Problem requirements: Each line of the listing below must be retyped exactly, with images left out.

Information provided:
----

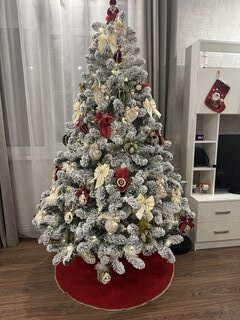 Елка новогодняя напольная, 180 см, Эверест, ель, хвоя ПВХ пленка, заснеженная, 132180, ЕлкиТорг - фото 3 от пользователя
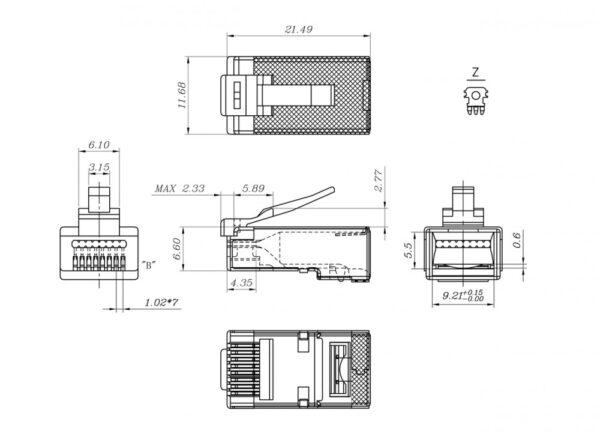 hyperline plez-8p8c-u-c6-sh-100 разъем легкой оконцовки rj-45 (8p8c) под витую пару, категория 6 (50 µ"/ 50 микродюймов), экранированный, универсальный (для одножильного и многожильного кабеля) (100 шт.)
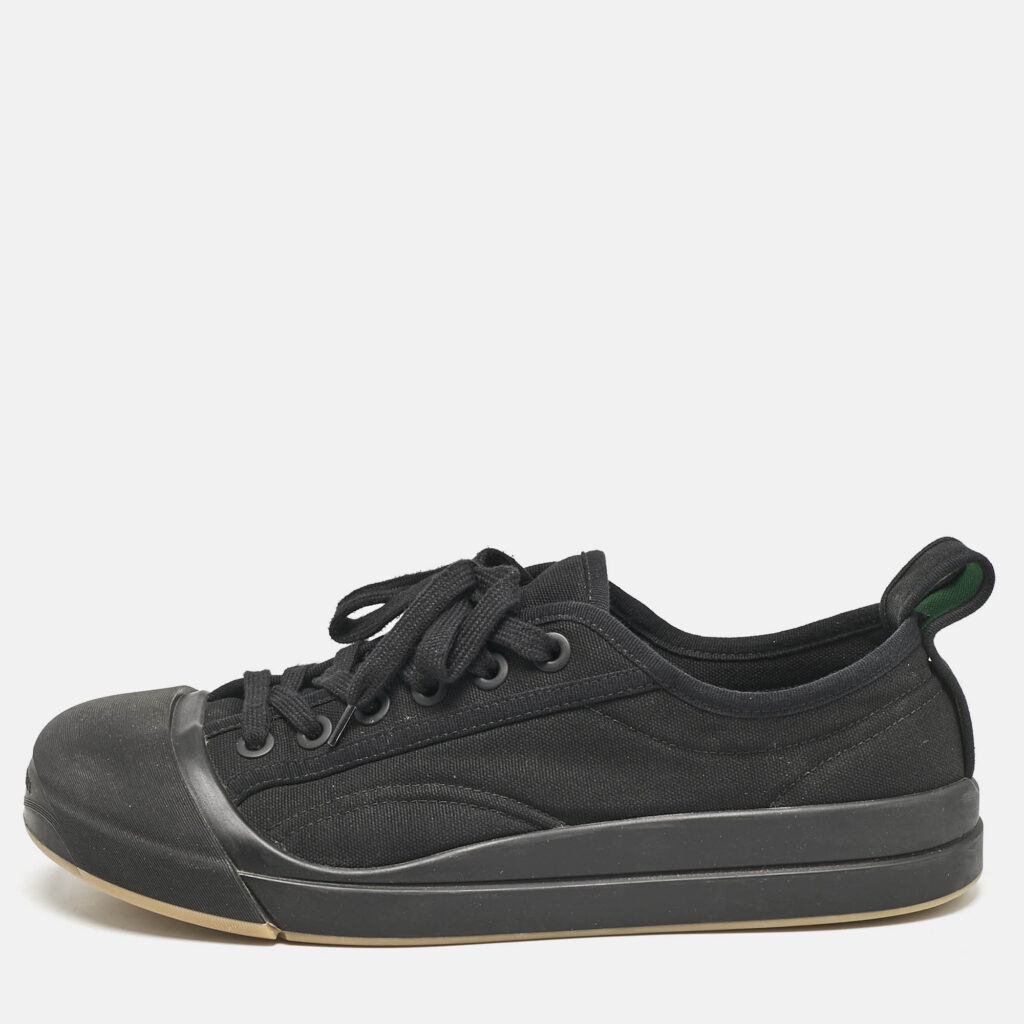 luxury-men-bottega-veneta-used-shoes-p1145633-010 Bottega Veneta Black Canvas Vulcanized Sneakers Size 41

----

Expected answer:
 Елка новогодняя напольная, 180 см, Эверест, ель, хвоя ПВХ пленка, заснеженная, 132180, ЕлкиТорг - фото 3 от пользователя
 hyperline plez-8p8c-u-c6-sh-100 разъем легкой оконцовки rj-45 (8p8c) под витую пару, категория 6 (50 µ"/ 50 микродюймов), экранированный, универсальный (для одножильного и многожильного кабеля) (100 шт.)
 luxury-men-bottega-veneta-used-shoes-p1145633-010 Bottega Veneta Black Canvas Vulcanized Sneakers Size 41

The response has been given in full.